Aberdeen City Council sees energy from waste as complimentary to this energy-centred agenda, particularly where combined heat and power (CHP) is included.
CHP from waste can be a valuable magnet for economic development. Energy - and heat - (or cooling) industry can be attracted by the provision of reliable, cost-stable energy generated from waste.
Aberdeen City Council promotes the recovery of value from residual waste through combined heat and power production. We feel that modern incineration and other thermal treatment technologies, in conjunction with CHP, are considered appropriate solutions in industrial settings in and around Aberdeen city.
Key Theme 5: "The proximity principle should a major consideration when making waste management decisions, especially in respect of residual waste."
The basis of the 'proximity principle' is that waste should be disposed of or managed as close to the point of generation as possible.
Aberdeen City Council considers this a significant criterion on grounds of community responsibility as well as sustainability and economic value.
We recognise that when considering material recovery of recycling materials, markets are global and the availability of reprocessing facilities may require proximity issues be a lower priority. However, for residual waste, we feel it is possible for the region to develop cost-effective treatment facilities.
As a result, we propose that new facilities should be developed as close to the point of waste arising as possible.
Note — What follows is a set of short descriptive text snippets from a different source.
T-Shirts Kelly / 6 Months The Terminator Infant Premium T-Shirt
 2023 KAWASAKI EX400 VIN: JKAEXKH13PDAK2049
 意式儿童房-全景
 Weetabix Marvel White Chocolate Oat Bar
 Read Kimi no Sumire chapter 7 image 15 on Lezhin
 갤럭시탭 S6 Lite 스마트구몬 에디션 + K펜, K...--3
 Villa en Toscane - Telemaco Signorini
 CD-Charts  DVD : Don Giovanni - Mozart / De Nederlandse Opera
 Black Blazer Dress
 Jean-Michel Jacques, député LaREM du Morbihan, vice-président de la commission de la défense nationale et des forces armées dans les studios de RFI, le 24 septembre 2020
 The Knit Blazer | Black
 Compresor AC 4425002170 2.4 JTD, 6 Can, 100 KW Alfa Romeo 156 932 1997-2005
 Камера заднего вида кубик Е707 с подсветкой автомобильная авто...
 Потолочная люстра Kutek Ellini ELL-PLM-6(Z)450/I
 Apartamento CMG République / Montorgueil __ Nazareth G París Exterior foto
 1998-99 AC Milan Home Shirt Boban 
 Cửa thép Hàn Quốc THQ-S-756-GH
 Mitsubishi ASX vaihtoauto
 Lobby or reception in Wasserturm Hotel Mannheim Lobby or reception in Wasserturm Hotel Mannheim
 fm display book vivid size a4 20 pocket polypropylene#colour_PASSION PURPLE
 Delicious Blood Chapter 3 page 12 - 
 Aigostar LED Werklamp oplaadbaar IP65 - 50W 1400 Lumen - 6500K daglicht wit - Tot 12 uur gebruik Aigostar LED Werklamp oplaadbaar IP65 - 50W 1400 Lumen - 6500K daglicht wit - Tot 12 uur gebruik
This would include sites in the city of Aberdeen where it has been demonstrated to be the best option in terms of planning, community benefit/impact, environmental impacts and transport. This is particularly relevant to energy from waste facilities where the success of utilising the heat produced will be dependent on the availability of a wide range of recipients from industrial, commercial and housing developments.
Key Theme 6: "The Aberdeen City Waste Strategy should incorporate consideration of non-municipal waste."
Municipal (household) waste accounts for only approximately 14% of total waste produced. The remainder is from construction, demolition, industrial, commercial and agricultural sources.
National waste policy has only set specific targets for municipal (household) waste. Management of waste generated from the commercial and industrial sectors is only influenced by Government policy through the Landfill Tax.
In the absence of other policy instruments, Aberdeen City Council feels that it is essential that the new Waste Strategy should incorporate non-municipal waste. We believe that we should provide a strategic lead on infrastructure requirements for these sectors. By linking the Waste Strategy into planning guidance we can ensure sustainable development of waste services that underpin strong industrial and commercial growth.
Consultation on Key Themes
The key themes form the basis of this consultation. This consultation is intended to establish broad policy positions that will have a determining effect on the final Waste Strategy. By undertaking this consultation, Aberdeen City Council aims to ensure that over-arching themes are identified, debated and a common position established before developing detailed policies, objectives and position statements.
The closing date has now been extended to the 17 April 2009.
The consultation will be open to all but there will be particular emphasis on engaging key stakeholders, opinion-formers and those individuals and groups with known interest in waste management. The consultation will also seek to engage as wide a range of community groups and individuals as possible.
Publication of Strategy
Aberdeen City Council will incorporate the results of the consultation into the draft Waste Strategy and a final version produced for approval. Once approved the Waste Strategy will be published and communicated as widely as possible.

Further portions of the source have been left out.